As I hint in this chapter's introduction, taking care of an installed and stocked water garden is pretty easy. You'll be out there admiring it and monitoring the progress of waterlily buds and other bloomers anyway, so just turn those frequent visits into a brief check-up.
The main water-garden water issue occurs when the water level drops. On hot summer days, you can lose a bit to evaporation. Top off the water garden with the hose; just make sure the end of the hose is immersed and that the flow of water doesn't dislodge a pot or plant. (Yes, I do caution you about the dangers of chlorine and chloramines in municipal tap water in the preceding section, but that info's for when you're pouring in many gallons for the initial filling; a little bit of those chemicals entering the water now shouldn't do your fish or plants any harm.)

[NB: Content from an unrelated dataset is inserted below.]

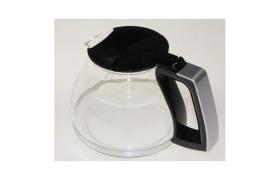 Melitta Verseuse pour cafetiere melitta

If you come out some morning and the water level has dropped dramatically, your liner is damaged and leaking. Siphon off more water until you find the problem spot; then stop and patch it. (Patch kits are available wherever liners are sold.) Insert a garden hose so that one end is submerged. Then take the other end of the hose and take it so it is below the level of the end in the pond. Inhale once to start the suction and this should get the water flowing. If the pond is lower than the ground surrounding it, this manual suction won't work so get a submersible pump. Put it in the pond and attach tubing to the output end of the pump. Turn it on and it will rapidly drain the pond.